The Logue legacy continues at UK


Kentucky Wildcats pitcher Zach Logue delivers a pitch during the game against the Vanderbilt Commodores at Cliff Hagan Stadium on Saturday, April 1, 2017 in Memphis, KY. Photo by Addison Coffey | Staff.

Charlee Schaefer

Within hours of receiving an offer from UK, a 17-year-old right-handed pitcher committed to the baseball program.

Seth Logue will be attending UK in the fall of 2020, and he is the younger brother of 2017 MLB draftee Zach Logue, who was chosen in the ninth round by the Toronto Blue Jays.

The Logues are both products of the prestigious Archbishop Moeller high school in Cincinnati, Ohio, which has produced baseball greats such as Ken Griffey Jr. and Barry Larkin.

Seth adds to the growing list of Cats who attended Moeller, including 2017 third round pick Riley Mahan and recent roster addition, JUCO transfer Grant Macciocchi.

“We have tons of D1 commits so it is great to be around them all the time and a cool thing to have so many high level talents at your school,” Seth said.

The 6-0, 140-pound sophomore has already had an impactful career at Moeller and has plenty of time to perfect his game in the seasons ahead.

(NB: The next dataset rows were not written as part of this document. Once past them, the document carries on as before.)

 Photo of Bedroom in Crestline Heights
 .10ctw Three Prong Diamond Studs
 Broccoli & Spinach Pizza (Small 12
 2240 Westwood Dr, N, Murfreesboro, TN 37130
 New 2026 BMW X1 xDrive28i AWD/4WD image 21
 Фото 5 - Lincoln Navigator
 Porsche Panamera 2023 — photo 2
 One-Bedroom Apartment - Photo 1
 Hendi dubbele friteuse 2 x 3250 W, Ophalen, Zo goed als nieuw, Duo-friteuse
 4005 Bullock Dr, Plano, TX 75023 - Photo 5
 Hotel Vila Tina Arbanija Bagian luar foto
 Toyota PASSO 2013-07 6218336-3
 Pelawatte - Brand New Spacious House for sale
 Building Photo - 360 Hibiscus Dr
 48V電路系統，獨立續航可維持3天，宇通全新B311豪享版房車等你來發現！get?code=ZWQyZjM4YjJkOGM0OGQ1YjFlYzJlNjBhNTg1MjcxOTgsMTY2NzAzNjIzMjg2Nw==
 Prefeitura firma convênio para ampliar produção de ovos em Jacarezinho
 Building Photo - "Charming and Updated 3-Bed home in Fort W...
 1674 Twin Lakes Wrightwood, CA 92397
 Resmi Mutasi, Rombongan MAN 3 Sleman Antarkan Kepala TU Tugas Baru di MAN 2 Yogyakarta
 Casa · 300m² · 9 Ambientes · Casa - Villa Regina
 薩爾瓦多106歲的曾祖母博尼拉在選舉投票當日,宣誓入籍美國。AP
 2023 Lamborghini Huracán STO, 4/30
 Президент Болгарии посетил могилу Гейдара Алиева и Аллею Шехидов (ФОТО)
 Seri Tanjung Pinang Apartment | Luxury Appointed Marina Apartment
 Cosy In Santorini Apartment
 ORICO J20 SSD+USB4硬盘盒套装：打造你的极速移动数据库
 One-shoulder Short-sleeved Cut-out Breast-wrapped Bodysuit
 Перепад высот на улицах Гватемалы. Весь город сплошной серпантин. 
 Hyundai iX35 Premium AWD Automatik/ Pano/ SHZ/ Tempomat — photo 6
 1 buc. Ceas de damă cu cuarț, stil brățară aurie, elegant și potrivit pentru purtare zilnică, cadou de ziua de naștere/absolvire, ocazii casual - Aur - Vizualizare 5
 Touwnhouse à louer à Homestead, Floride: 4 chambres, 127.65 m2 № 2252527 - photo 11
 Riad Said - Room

Seth has four pitches in his arsenal and credits himself on his fastball location and his slider.

Players constantly talk about the family aspect of the program and the Logues are no exception, although Seth did not choose UK because of his brother.

“When he started his recruiting process, I probably wouldn’t have picked Kentucky as his final pick, just because I went there and he’s my little brother. He doesn’t want to do everything exactly as I did,” Zach said jokingly.

The coaching staff and the SEC were big factors in his decision-making process. Seth was also looking at LSU and Vanderbilt, among many others.

“I had a really good relationship with coach (Nick) Mingione and coach (Jim) Belanger. We really hit it off when I first met them and I’ve kind of known them a little bit through my brother but not too well, so it was cool to have a deeper relationship with them and then I like that they’re in the SEC,” Seth said. “I wanted to play in the best conference that I could.”

Seth said he is excited about where UK is going.

“I think the program is going to make a really big turn and be a national contender every year,” Seth said.

After winning the first regional in school history with Mingione at the helm of the program, fans and current players do not expect limited success in years to come. Big Blue Nation can expect extraordinary things in the future of Kentucky baseball.